Since the year 2000, the production of clothing is believed to have doubled in size, and has in turn damaged the state of our planet dramatically. Fast fashion has been at the forefront of this spectacle, encouraging mass market stores to appeal to what is commonly known as “seasonal collections.” Starting with Zara’s bi-weekly collection releases, many brands from Forever 21 to Wet Seal have replicated the practice: redesigning and releasing new clothes at every major location on a weekly or monthly schedule. These enormous shipments and mass productions have in turn taken a toll on natural resources affecting the environment more than ever before.
And while the amount of clothing produced may seem balanced by the continuing growth of the human population, studies have found that clothing is discarded even quicker than ever before. A majority of Americans own 60% more clothing than they did in the year 2000, but only keep hold of them for half as long. The amount of discarded clothes tends to be baffling; on average, 5800 pounds of clothing are burned or landfilled per second. As a result, this amounts to around 182 billion pounds of clothing a year, with the United States alone contributing 26 billion pounds to this obscene number. Taking over 200 years to decompose, our actions are causing clothes to pile up for an indeterminate amount in these landfills and are causing great damage.

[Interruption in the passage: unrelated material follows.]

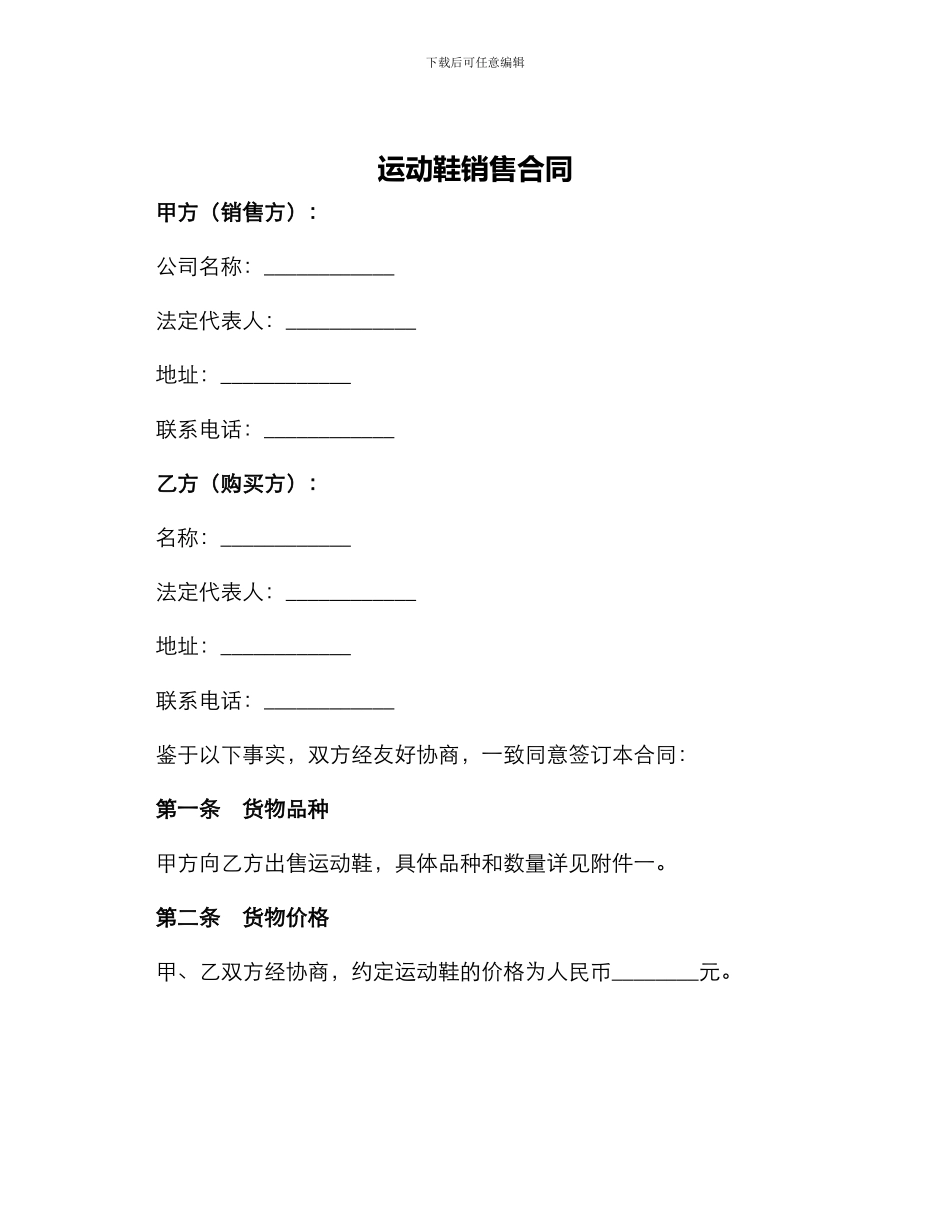 运动鞋销售合同_第1页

The question that we must ask ourselves is how do we resolve this growing issue? An important component to preventing the curse of fast fashion lies in simple inaction. Maintaining our clothes for longer periods of time and refraining from purchasing “hip” new clothing not only saves money, but also helps save the environment. Donating clothing, instead of simply throwing it away, allows clothes to remain in use for longer periods of time and directly maintains them out of landfills. Conscious thinking on our part is essential to breaking the cycle of pollutant clothing, and is becoming a necessity in our consumer-run world.